Though, use of this metaphor does make me note that people do get high just to escape. The tendency to use drugs and get addicted to them, however, is set by biology.

I don't really escape from reality, though. I take medications to prevent it from getting me down. I used to have manics, too, a few were life-changing experiences, but those don't happen so much anymore.

So, now that I'm not down, I'm going to be working on my various projects. I'm going to submit my short story Wil o' Wisp this weekend. I'm keeping to who a secret. Let's just say, I'm starting at the top of the market and I'm working down. Thank you, Writers' Market!

Wednesday, August 3, 2011

The Party's Over: The End of the Internet.

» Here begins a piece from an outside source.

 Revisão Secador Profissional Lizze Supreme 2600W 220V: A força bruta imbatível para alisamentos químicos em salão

I know I haven't written in a very long time. I have a lot of excuses for that: my mother died (more on that later), I've been concentrating on fiction writing, depression, and maybe at other times just plain laziness. More than anything else, though, I'm not sure what direction I want to take this blog. I decided that I won't discuss family- - too many privacy issues over the net. That's about 40 percent of life I can't discuss right there.

Without knowing the exact direction, it's hard to get attached to it. I have to somehow fit it into an hour a day at most.

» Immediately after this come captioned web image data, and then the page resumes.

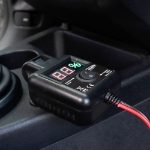 12V Car-to-Car Charger/Jumpstart Plug Set (Outer Ctn Qty: 6)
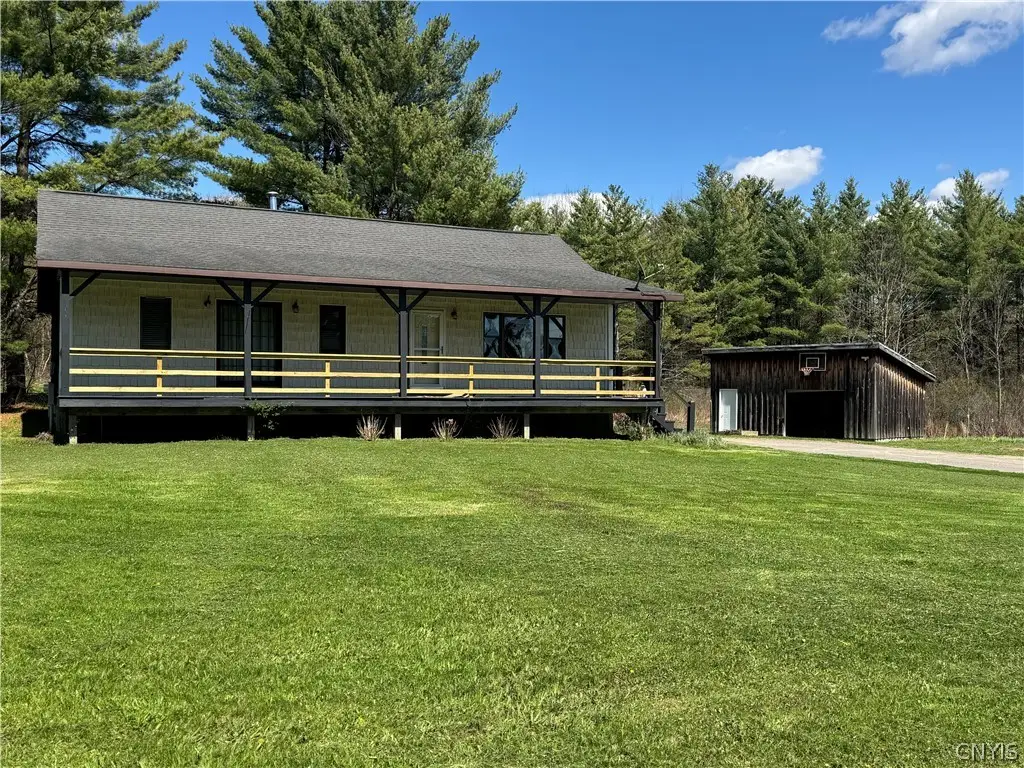 27415 Limestone Road, Redwood, NY 13679 - #1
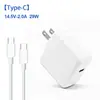 Adaptador de energia mais vendido da Amazon 60W45W85W adequado para laptops Apple e carregadores MacBook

As a horror/fantasy writer, I guess one thing subject I can write about are real-life horrors. There are so many bad trends today. Like the political process, the economy, and "everything else," that is to say, the environment. I'm not an optimist. Because I'm an atheist, I don't think a God is going to save us from any of them.

Today is a minor horror: I'm foreseeing the end of the Internet, the only thing that has made last ten years tolerable.

A story by Gerry Smith in the Huffington Post tells us of a massive, apparently coordinated global spying operation reported by McAffee, most of it targeted in the US. The attacks were leveled against both companies and governments. “The data stolen included closely-guarded national secrets, source code, email archives, negotiation plans and exploration details for new oil and gas field auctions, the report said.”

“Last month, the Defense Department said foreign hackers infiltrated the network of a defense contractor in March, stealing 24,000 military files in one of the most devastating data breaches suffered by the Pentagon to date.”

The economic consequences alone are staggering. Dmitri Alperovitch, McAfee's vice president of threat research said that there has never been a transfer of wealth like it in the history of the world.

By now, it's apparent that the Internet, and computers in general, cannot be secured, that companies can't trust putting their data on them. The general public also is probably realizing the same thing. Privacy is going to come back into vogue.

The obvious, if unpalatable solution: don't put things on the web. I could see a backlash now where people and companies begin to withdraw from the Net: a great exodus. This will throw marvelous future we have come to expect since the 1980s into reverse. Markets will grow for “web-free” products and processes. Calls to do away with web anonymity and privacy will accelerate the process. People will come to see the web as predatory. Expect a surge in orders for “brick 'n' mortar” which might or might not help the company depending on the wealth lost by Internet based services. Expect also a surge in the use of plain old paper.

This has come in the wake of a few other problems that will also stymie the Internet. The upcoming lack of net neutrality will make it a less rewarding experience. Fewer people are going to want to sign on.

Innovation on the web is not going to be as bright and shiny now, either. Our stupid patent system, that allows anyone to patent the “picking your nose” process, is bringing innovation to a standstill.

Companies can patent anything with broad strokes and then sue over any product that rhymes with their patent is killing innovation. It's going to be difficult to reform the system, now that patent suits and their defense are a multi billion dollar industry. The lobbying against leaving it broke is going to be fierce.

It's adding up to the end of the Internet. The death of the dreams of the 80s & 90s. The Internet will have a niche. Just don't expect it to be the economic and innovation driver that it has been.